Good to see your still at it mate, i really want to see this beast done one day, more incredible fab work there, looking great.:worship:


----------



## alteredvisionscustoms (Aug 15, 2012)

Thanks guys I appreciate the kind words.... deecee she will b done soon


----------



## alteredvisionscustoms (Aug 15, 2012)




----------



## alteredvisionscustoms (Aug 15, 2012)




----------



## bigdogg323 (Jun 3, 2006)

Looking good bro :thumbsup:


----------



## alteredvisionscustoms (Aug 15, 2012)

bigdogg323 said:


> Looking good bro :thumbsup:



Thanks Frank appreciate it homie


----------



## customcoupe68 (Jun 29, 2008)

nice builds as usual!


----------



## alteredvisionscustoms (Aug 15, 2012)

customcoupe68 said:


> nice builds as usual!


Thank you just tryin to get back into the swing of things


----------



## alteredvisionscustoms (Aug 15, 2012)

I shaved the door handles,roof rack( but I kept the drip rails), third brake light,taillights, tailgate, lower body line n fog lights on front bumper,rollpaned the rearend,smoothed the floor n sides of inner bed,n put a notch cover on


----------



## bigdogg323 (Jun 3, 2006)

Looking good ben keep up the great work homie :thumbsup:


----------



## alteredvisionscustoms (Aug 15, 2012)

bigdogg323 said:


> Looking good ben keep up the great work homie :thumbsup:


Thanks bro


----------



## alteredvisionscustoms (Aug 15, 2012)




----------



## Tonioseven (Oct 19, 2008)

Nice!!


----------



## alteredvisionscustoms (Aug 15, 2012)

Thanks bro appreciate it it was a rush job to get it ready for a show n far from perfect but it will get its turn back on the hobby table n under the knife I open on opening it up n doin a full custom w it in the future


----------



## alteredvisionscustoms (Aug 15, 2012)

Made it to the goodguys show this weekend n picked up an award for "best under construction"


----------



## CemetaryAngel81 (Dec 11, 2011)

alteredvisionscustoms said:


> Made it to the goodguys show this weekend n picked up an award for "best under construction"

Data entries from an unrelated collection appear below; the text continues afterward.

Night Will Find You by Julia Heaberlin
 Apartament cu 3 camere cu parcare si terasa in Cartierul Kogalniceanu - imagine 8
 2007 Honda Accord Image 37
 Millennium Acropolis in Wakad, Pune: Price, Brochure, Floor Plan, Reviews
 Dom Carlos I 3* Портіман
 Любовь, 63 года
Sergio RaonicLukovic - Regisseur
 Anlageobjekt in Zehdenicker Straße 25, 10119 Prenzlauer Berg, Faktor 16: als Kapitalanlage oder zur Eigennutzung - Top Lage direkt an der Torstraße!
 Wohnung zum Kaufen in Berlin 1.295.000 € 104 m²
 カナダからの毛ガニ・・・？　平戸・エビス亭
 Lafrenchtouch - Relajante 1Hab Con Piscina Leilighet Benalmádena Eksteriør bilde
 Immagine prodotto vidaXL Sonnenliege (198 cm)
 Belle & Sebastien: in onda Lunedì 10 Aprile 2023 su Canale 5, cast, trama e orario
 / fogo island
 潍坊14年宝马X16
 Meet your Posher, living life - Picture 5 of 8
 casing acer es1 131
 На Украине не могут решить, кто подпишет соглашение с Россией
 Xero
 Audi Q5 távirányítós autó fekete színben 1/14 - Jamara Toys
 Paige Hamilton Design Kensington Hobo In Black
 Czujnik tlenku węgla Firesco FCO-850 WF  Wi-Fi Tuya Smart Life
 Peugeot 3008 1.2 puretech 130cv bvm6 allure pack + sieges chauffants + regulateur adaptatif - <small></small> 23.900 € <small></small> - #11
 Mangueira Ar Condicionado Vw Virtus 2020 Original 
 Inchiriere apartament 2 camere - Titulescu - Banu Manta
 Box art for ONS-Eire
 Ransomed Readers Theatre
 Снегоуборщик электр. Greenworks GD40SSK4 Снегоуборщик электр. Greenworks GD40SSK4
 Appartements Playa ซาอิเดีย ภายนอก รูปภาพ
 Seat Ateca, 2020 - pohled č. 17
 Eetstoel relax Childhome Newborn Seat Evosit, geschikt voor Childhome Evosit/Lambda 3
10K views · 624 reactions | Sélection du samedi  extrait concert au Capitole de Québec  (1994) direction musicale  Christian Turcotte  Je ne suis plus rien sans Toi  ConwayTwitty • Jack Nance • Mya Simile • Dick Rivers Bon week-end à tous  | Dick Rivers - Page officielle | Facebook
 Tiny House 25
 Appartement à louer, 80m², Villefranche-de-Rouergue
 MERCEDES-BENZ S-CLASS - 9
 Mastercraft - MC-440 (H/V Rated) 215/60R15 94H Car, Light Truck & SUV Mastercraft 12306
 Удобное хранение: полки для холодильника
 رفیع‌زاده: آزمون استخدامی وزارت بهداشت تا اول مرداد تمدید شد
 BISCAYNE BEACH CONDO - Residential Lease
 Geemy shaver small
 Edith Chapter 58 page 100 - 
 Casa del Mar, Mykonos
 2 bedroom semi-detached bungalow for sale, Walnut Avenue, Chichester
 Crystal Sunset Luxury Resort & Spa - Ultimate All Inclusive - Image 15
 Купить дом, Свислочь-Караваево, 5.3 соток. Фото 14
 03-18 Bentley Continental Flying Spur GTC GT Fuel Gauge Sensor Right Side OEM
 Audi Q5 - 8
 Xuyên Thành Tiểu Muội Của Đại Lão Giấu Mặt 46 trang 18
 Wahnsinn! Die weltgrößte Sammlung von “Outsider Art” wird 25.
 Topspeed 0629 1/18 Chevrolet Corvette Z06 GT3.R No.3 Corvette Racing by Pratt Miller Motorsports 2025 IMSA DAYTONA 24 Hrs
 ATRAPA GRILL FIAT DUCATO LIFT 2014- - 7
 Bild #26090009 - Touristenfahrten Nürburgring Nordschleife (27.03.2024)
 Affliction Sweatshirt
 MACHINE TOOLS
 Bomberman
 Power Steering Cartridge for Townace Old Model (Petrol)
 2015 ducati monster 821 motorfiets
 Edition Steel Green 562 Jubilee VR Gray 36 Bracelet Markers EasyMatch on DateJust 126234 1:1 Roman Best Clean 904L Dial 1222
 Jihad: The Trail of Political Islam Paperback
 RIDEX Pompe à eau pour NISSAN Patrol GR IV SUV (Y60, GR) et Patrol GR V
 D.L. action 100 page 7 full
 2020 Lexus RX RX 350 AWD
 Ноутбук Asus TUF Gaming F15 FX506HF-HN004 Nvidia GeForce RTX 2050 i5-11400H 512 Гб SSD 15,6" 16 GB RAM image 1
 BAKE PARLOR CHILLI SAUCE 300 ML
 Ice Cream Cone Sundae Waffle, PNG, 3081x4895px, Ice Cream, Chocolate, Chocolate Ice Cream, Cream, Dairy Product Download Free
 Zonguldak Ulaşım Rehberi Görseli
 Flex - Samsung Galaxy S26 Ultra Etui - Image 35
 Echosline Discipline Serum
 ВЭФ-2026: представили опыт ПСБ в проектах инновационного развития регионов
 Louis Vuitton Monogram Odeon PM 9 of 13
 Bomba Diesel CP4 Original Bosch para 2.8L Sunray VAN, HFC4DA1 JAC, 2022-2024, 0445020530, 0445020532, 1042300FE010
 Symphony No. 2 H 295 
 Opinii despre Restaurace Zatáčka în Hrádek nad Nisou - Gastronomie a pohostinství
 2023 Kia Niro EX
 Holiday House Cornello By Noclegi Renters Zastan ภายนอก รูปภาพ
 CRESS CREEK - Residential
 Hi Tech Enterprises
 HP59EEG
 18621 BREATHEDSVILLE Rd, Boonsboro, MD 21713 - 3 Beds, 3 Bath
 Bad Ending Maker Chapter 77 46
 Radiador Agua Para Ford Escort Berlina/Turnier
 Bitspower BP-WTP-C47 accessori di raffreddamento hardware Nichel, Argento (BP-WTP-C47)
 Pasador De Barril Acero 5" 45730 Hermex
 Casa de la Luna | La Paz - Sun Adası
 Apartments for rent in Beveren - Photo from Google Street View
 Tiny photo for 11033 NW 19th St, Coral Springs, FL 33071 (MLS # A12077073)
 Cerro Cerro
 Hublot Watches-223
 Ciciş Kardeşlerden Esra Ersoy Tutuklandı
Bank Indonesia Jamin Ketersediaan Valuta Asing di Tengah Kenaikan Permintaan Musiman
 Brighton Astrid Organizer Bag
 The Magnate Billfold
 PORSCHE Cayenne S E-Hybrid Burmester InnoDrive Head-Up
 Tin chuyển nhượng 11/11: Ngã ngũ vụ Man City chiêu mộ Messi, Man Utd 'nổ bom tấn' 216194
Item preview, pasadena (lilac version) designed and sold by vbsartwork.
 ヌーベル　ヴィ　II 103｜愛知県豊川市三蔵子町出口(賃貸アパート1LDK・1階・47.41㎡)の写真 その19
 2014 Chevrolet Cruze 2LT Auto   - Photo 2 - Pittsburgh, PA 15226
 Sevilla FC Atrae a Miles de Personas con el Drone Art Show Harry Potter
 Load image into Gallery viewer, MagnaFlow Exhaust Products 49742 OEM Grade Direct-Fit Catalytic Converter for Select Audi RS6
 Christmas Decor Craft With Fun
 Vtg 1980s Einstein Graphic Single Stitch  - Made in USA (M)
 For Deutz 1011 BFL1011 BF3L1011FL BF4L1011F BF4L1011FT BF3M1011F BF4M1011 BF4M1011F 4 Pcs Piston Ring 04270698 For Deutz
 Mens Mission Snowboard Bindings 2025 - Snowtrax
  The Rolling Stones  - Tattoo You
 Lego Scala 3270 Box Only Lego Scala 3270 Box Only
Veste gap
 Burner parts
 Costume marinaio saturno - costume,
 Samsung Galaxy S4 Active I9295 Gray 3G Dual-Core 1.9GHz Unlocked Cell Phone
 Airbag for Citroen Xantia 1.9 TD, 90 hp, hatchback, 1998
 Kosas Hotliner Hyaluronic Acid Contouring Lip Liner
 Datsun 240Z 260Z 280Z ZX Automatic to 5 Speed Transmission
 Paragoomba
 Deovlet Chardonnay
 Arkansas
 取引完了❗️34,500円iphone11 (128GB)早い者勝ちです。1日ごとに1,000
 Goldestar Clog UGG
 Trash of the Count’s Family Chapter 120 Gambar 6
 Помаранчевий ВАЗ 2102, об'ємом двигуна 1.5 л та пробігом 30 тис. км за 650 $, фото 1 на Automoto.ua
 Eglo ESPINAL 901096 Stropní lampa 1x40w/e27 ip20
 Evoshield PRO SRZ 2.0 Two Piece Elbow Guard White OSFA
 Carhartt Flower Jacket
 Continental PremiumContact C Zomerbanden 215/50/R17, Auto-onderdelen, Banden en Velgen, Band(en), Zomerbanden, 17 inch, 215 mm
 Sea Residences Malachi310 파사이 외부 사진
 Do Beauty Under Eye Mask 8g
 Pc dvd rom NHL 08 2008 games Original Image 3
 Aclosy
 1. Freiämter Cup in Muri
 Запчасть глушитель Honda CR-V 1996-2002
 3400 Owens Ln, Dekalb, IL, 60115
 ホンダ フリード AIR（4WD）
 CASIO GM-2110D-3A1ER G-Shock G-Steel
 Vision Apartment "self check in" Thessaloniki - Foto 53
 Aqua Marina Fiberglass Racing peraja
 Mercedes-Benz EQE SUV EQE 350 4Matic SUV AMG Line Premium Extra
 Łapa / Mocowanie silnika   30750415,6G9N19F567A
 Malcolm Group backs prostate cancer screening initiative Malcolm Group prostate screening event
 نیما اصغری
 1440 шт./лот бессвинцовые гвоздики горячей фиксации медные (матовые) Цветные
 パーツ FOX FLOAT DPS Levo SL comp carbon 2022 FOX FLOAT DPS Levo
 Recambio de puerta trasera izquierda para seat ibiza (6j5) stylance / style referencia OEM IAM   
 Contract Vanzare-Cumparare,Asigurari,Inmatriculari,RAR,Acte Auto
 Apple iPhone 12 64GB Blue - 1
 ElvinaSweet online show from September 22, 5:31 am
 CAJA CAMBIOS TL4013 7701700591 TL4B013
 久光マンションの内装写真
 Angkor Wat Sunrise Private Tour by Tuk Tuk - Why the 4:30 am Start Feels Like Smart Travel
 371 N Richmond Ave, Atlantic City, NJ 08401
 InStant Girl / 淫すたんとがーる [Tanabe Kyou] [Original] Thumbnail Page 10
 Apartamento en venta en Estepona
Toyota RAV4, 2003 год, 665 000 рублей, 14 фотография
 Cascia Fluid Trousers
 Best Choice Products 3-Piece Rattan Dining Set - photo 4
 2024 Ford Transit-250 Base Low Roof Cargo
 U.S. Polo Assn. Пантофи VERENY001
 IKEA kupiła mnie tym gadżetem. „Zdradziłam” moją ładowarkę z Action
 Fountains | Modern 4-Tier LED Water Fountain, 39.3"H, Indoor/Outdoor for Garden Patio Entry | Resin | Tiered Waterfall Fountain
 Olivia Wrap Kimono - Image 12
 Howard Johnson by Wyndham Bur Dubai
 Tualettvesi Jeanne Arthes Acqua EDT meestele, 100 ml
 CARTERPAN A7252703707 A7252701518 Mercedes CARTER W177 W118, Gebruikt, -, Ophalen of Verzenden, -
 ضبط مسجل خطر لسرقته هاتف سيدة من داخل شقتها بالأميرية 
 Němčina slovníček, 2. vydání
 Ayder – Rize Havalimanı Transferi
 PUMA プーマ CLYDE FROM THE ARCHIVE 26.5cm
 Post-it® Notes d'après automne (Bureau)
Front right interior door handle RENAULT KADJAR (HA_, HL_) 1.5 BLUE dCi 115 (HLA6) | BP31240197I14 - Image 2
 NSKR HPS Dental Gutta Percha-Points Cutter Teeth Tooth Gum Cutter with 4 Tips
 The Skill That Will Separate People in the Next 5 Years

Congrats bro well deserved


----------



## alteredvisionscustoms (Aug 15, 2012)

thanks buddy i really appreciate it, you have been tearing it up yourself bro


----------



## Deecee (Dec 8, 2012)

alteredvisionscustoms said:


> Made it to the goodguys show this weekend n picked up an award for "best under construction"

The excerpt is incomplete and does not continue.